Directions –
Copy out the material in full. Leave every line as it is.

Extracted data –
○ ○ ○ ○ ○
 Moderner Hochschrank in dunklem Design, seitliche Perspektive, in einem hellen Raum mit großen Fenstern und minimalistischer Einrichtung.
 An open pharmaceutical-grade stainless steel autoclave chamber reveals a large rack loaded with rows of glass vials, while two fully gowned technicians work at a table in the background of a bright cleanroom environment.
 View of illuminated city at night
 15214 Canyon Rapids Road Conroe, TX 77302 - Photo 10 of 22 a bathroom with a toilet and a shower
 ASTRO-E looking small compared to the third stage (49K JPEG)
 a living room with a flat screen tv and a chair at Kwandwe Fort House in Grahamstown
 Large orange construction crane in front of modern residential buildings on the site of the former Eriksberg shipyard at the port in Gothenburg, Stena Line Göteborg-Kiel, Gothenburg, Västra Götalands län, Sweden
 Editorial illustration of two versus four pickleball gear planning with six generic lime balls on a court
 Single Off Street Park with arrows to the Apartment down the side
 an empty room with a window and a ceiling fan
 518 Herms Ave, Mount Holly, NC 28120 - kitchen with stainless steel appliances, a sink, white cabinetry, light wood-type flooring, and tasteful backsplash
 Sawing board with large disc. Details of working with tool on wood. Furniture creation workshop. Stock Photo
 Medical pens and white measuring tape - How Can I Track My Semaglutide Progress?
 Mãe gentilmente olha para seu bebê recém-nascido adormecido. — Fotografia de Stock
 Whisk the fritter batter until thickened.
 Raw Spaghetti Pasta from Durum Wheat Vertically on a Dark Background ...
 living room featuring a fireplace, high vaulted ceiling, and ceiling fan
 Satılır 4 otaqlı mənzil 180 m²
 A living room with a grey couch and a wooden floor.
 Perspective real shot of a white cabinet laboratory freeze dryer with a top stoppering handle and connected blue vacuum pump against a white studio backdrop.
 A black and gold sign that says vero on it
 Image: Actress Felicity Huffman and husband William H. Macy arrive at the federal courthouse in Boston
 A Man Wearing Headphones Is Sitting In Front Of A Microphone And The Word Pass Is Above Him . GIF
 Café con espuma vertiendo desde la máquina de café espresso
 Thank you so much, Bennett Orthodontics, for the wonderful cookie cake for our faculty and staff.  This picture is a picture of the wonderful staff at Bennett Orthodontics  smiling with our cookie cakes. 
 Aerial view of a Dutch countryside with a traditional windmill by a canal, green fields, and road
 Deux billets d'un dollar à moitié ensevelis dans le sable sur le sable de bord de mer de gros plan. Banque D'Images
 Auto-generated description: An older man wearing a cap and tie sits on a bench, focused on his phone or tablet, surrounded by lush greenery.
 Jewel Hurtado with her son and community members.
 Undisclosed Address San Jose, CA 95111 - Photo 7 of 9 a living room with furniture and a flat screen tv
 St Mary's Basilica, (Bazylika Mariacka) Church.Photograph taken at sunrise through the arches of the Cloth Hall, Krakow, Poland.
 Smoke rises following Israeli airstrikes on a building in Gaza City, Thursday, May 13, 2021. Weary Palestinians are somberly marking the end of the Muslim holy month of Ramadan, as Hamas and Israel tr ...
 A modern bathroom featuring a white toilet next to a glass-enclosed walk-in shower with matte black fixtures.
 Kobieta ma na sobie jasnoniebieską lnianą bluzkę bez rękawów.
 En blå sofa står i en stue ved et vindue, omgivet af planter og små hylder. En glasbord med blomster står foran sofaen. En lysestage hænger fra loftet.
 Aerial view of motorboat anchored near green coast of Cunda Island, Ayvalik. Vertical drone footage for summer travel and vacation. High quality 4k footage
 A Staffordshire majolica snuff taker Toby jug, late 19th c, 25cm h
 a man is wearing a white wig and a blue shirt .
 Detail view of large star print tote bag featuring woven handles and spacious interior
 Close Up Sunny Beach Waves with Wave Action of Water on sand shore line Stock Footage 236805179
○ ○ ○ ○ ○
Result –
 Moderner Hochschrank in dunklem Design, seitliche Perspektive, in einem hellen Raum mit großen Fenstern und minimalistischer Einrichtung.
 An open pharmaceutical-grade stainless steel autoclave chamber reveals a large rack loaded with rows of glass vials, while two fully gowned technicians work at a table in the background of a bright cleanroom environment.
 View of illuminated city at night
 15214 Canyon Rapids Road Conroe, TX 77302 - Photo 10 of 22 a bathroom with a toilet and a shower
 ASTRO-E looking small compared to the third stage (49K JPEG)
 a living room with a flat screen tv and a chair at Kwandwe Fort House in Grahamstown
 Large orange construction crane in front of modern residential buildings on the site of the former Eriksberg shipyard at the port in Gothenburg, Stena Line Göteborg-Kiel, Gothenburg, Västra Götalands län, Sweden
 Editorial illustration of two versus four pickleball gear planning with six generic lime balls on a court
 Single Off Street Park with arrows to the Apartment down the side
 an empty room with a window and a ceiling fan
 518 Herms Ave, Mount Holly, NC 28120 - kitchen with stainless steel appliances, a sink, white cabinetry, light wood-type flooring, and tasteful backsplash
 Sawing board with large disc. Details of working with tool on wood. Furniture creation workshop. Stock Photo
 Medical pens and white measuring tape - How Can I Track My Semaglutide Progress?
 Mãe gentilmente olha para seu bebê recém-nascido adormecido. — Fotografia de Stock
 Whisk the fritter batter until thickened.
 Raw Spaghetti Pasta from Durum Wheat Vertically on a Dark Background ...
 living room featuring a fireplace, high vaulted ceiling, and ceiling fan
 Satılır 4 otaqlı mənzil 180 m²
 A living room with a grey couch and a wooden floor.
 Perspective real shot of a white cabinet laboratory freeze dryer with a top stoppering handle and connected blue vacuum pump against a white studio backdrop.
 A black and gold sign that says vero on it
 Image: Actress Felicity Huffman and husband William H. Macy arrive at the federal courthouse in Boston
 A Man Wearing Headphones Is Sitting In Front Of A Microphone And The Word Pass Is Above Him . GIF
 Café con espuma vertiendo desde la máquina de café espresso
 Thank you so much, Bennett Orthodontics, for the wonderful cookie cake for our faculty and staff.  This picture is a picture of the wonderful staff at Bennett Orthodontics  smiling with our cookie cakes. 
 Aerial view of a Dutch countryside with a traditional windmill by a canal, green fields, and road
 Deux billets d'un dollar à moitié ensevelis dans le sable sur le sable de bord de mer de gros plan. Banque D'Images
 Auto-generated description: An older man wearing a cap and tie sits on a bench, focused on his phone or tablet, surrounded by lush greenery.
 Jewel Hurtado with her son and community members.
 Undisclosed Address San Jose, CA 95111 - Photo 7 of 9 a living room with furniture and a flat screen tv
 St Mary's Basilica, (Bazylika Mariacka) Church.Photograph taken at sunrise through the arches of the Cloth Hall, Krakow, Poland.
 Smoke rises following Israeli airstrikes on a building in Gaza City, Thursday, May 13, 2021. Weary Palestinians are somberly marking the end of the Muslim holy month of Ramadan, as Hamas and Israel tr ...
 A modern bathroom featuring a white toilet next to a glass-enclosed walk-in shower with matte black fixtures.
 Kobieta ma na sobie jasnoniebieską lnianą bluzkę bez rękawów.
 En blå sofa står i en stue ved et vindue, omgivet af planter og små hylder. En glasbord med blomster står foran sofaen. En lysestage hænger fra loftet.
 Aerial view of motorboat anchored near green coast of Cunda Island, Ayvalik. Vertical drone footage for summer travel and vacation. High quality 4k footage
 A Staffordshire majolica snuff taker Toby jug, late 19th c, 25cm h
 a man is wearing a white wig and a blue shirt .
 Detail view of large star print tote bag featuring woven handles and spacious interior
 Close Up Sunny Beach Waves with Wave Action of Water on sand shore line Stock Footage 236805179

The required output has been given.